The entire course is presented from a Protestant point of view where the King James Version is treated as authoritative. The course doesn’t simply describe what Christians believe (and a decent course would have to go farther, describing what Jews believe as well); instead, it acts as though what certain Protestant Christians believe about the Bible is Truth. The Bible is referred to as the “Word of God,” for example, biblical inerrancy is argued for, and the idea that America is a “Christian Nation” with laws based upon the Bible receives prominent attention.

A serious, objective, and scholarly course would treat many basic beliefs of fundamentalist and evangelical Christianity as dubious at best. Such a course would, for example, have to present information about the transmission and creation of the texts which would contradict teachings about the Bible being infallible and inerrant. This is why real courses on the Bible, Christianity, and religion generally do not appear in most schools and never will appear in most schools — despite the fact that students would probably benefit from them.

Knowledge, information, and research are essentially being suppressed in order to avoid offending certain Christians — exactly what some would like to see happen with evolution and, eventually, significant swaths of the rest of science.

Comments

April 30, 2007 at 4:25 pm
(1) Elaygee says:

Wait till they start teaching FSM as a religion.

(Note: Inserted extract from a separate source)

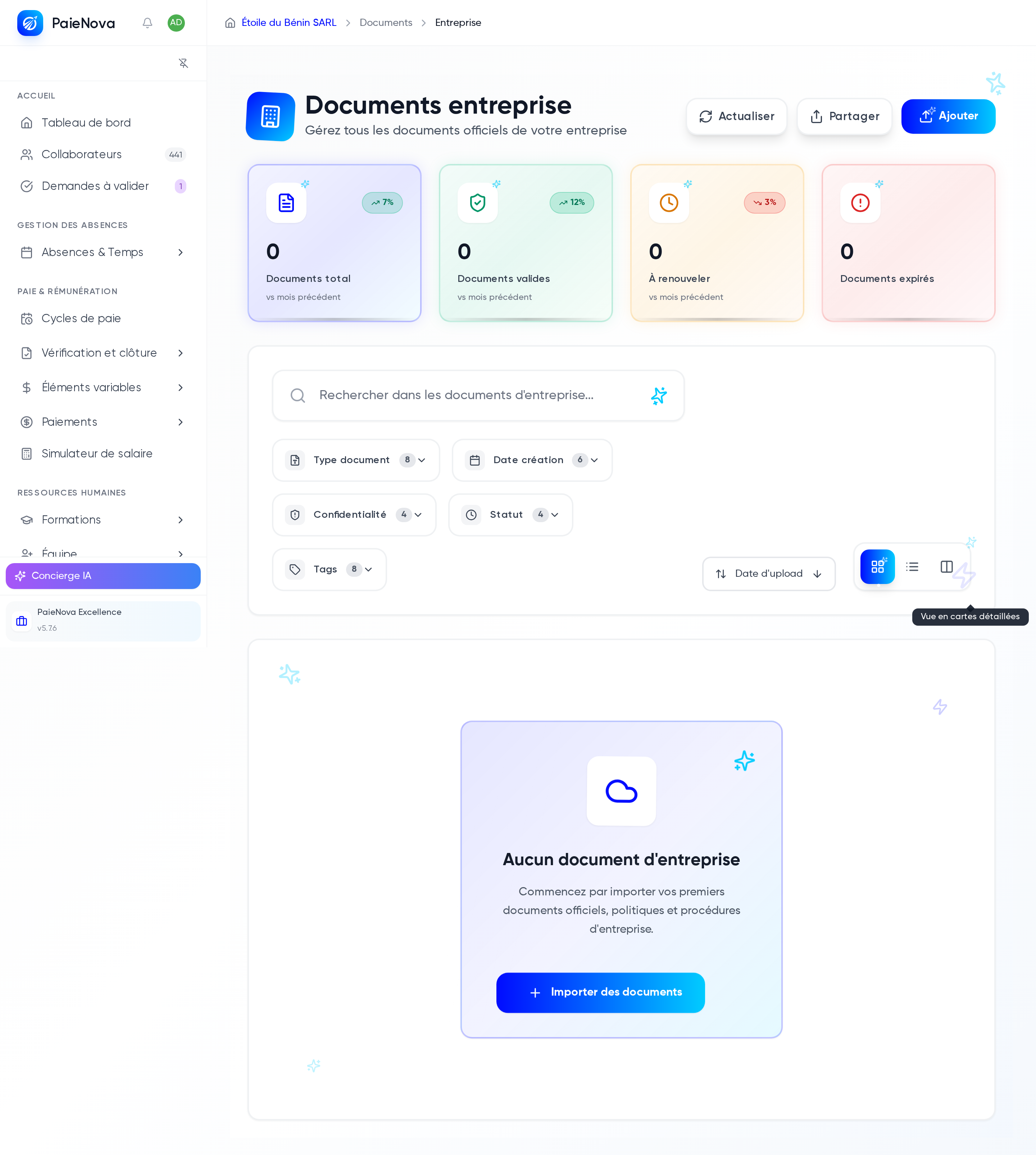 Page Documents entreprise avec les statistiques et l'invitation à importer les premiers documents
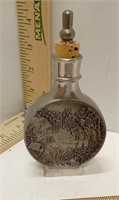 94% Zinn Metal Flask W/Hunting Motif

The Xtians will **** a brick

May 8, 2007 at 1:48 pm
(2) Thurwulf says:

I would love to teach a Bible course. All that sex and violence! I’d pick out all the stories that make “Desperate Housewives” look like “Sesame Street” and “Kill Bill” look like “Teletubbies”.

Oh, and all those inconsistancies and contradictions! A sure-fire way to make someone embrace atheism is to make them read the ENTIRE BIBLE, not just “Bible Stories for Children”. It worked for me!

May 9, 2007 at 9:25 am
(3) GrandmaVickie says:

What will happen when history does not back the biblical claims? Bible thumpers are not interested in history.

A couple of Jehovah;s Witnesses came to my house one day with a magazine entitled “Archaeology and the bible”. I asked them what they did when archaeology did not back up the bible. They stated that when archaeology did not back the bible, they went with the bible. When archaeology backed the bible they went with archaeology. There you are, they really want the truth!

July 6, 2007 at 3:22 pm
(4) John Hanks says:

Truth is the worst of afflictions. Once you possess it above the provisional level, it turns around and pokes out your eyes.